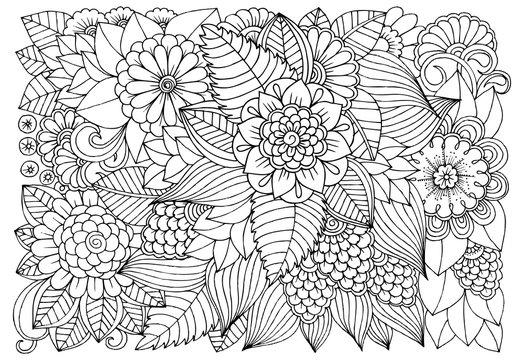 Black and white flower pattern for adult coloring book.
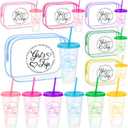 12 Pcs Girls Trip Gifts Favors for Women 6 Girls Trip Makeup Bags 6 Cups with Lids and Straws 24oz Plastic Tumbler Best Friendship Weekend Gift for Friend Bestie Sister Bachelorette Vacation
...
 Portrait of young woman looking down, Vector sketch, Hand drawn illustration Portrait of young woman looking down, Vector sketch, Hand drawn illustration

About this exercise: The reply should hold the entries above from the line with "Black and white" to the line with "12 Pcs Girls", duplicated exactly, pictures excluded.

Answer below:
 Black and white flower pattern for adult coloring book.
 12 Pcs Girls Trip Gifts Favors for Women 6 Girls Trip Makeup Bags 6 Cups with Lids and Straws 24oz Plastic Tumbler Best Friendship Weekend Gift for Friend Bestie Sister Bachelorette Vacation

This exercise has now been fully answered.